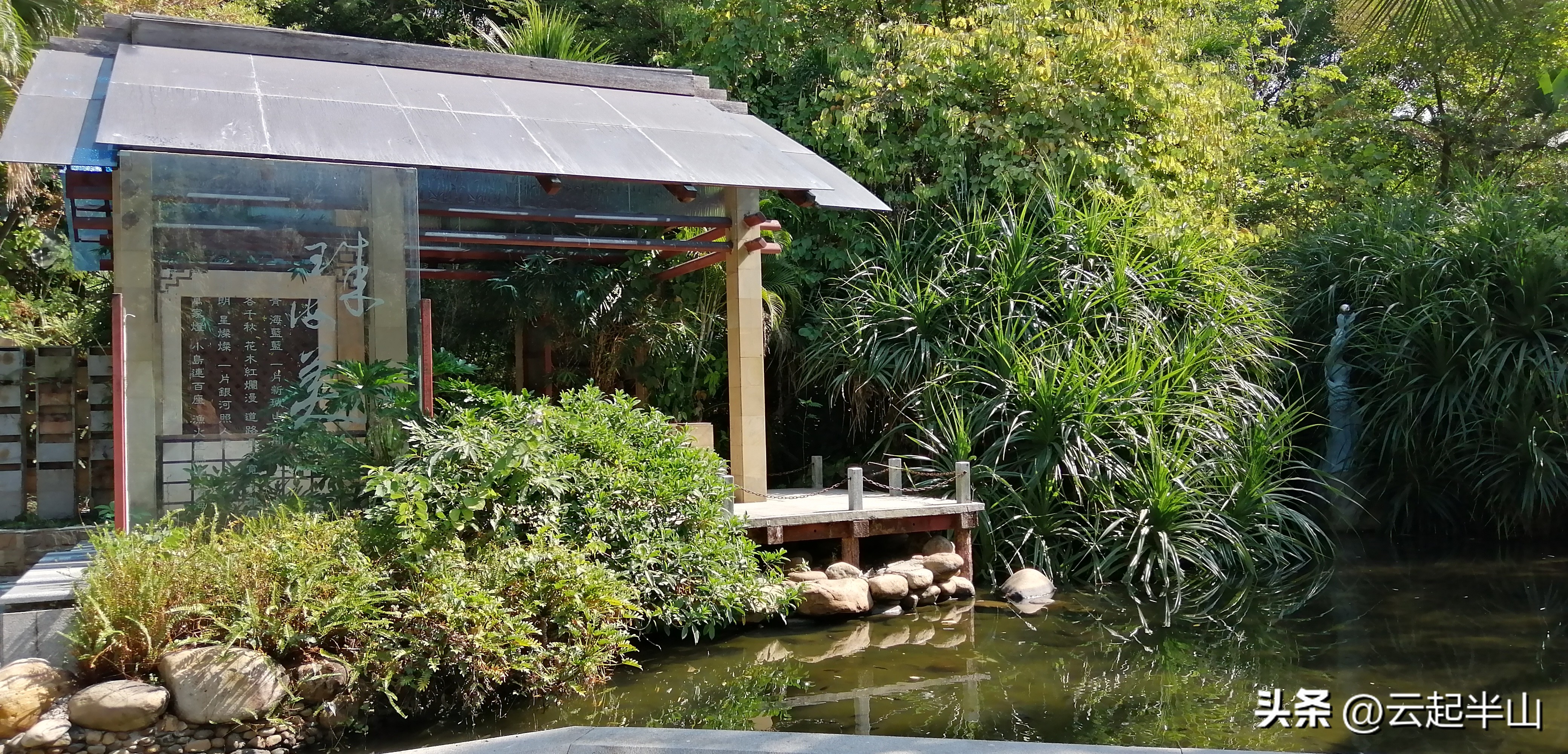 浅浅地玩、深深的圳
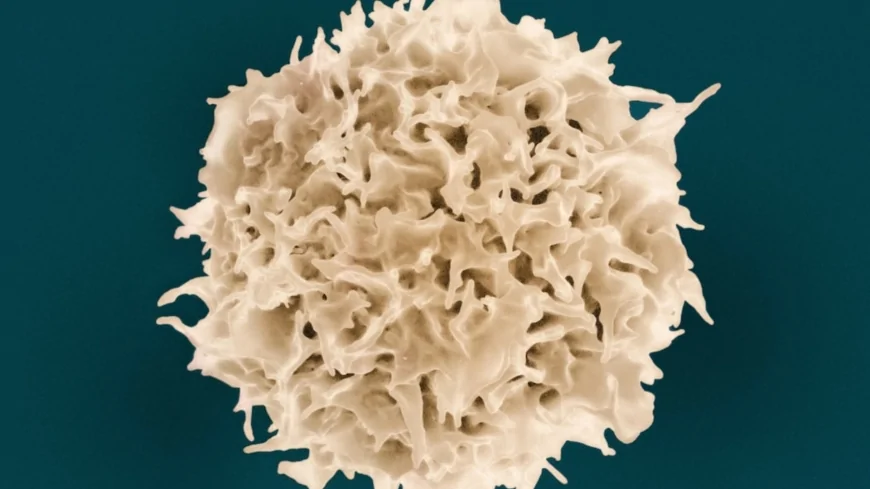 Accademia di Medicina di Torino: il 24 marzo la seduta scientifica "Il sistema immunitario: differenze di genere"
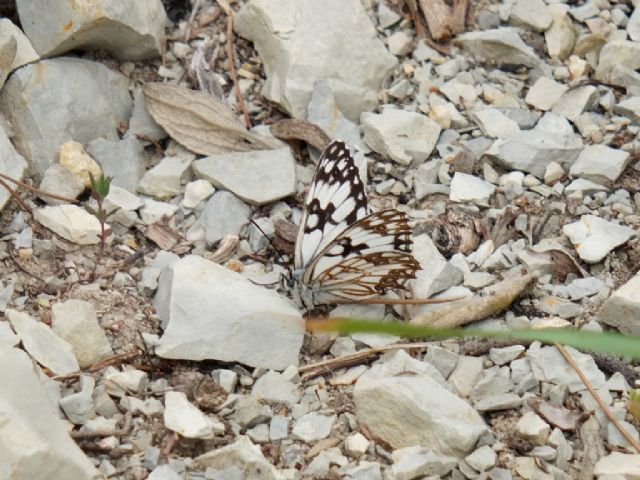 Melanargia occitanica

◆ WHAT IS EXPECTED: What is needed is the data above, retyped exactly, with every picture left out.

◆ OUTPUT OF THE TASK:
 浅浅地玩、深深的圳
 Accademia di Medicina di Torino: il 24 marzo la seduta scientifica "Il sistema immunitario: differenze di genere"
 Melanargia occitanica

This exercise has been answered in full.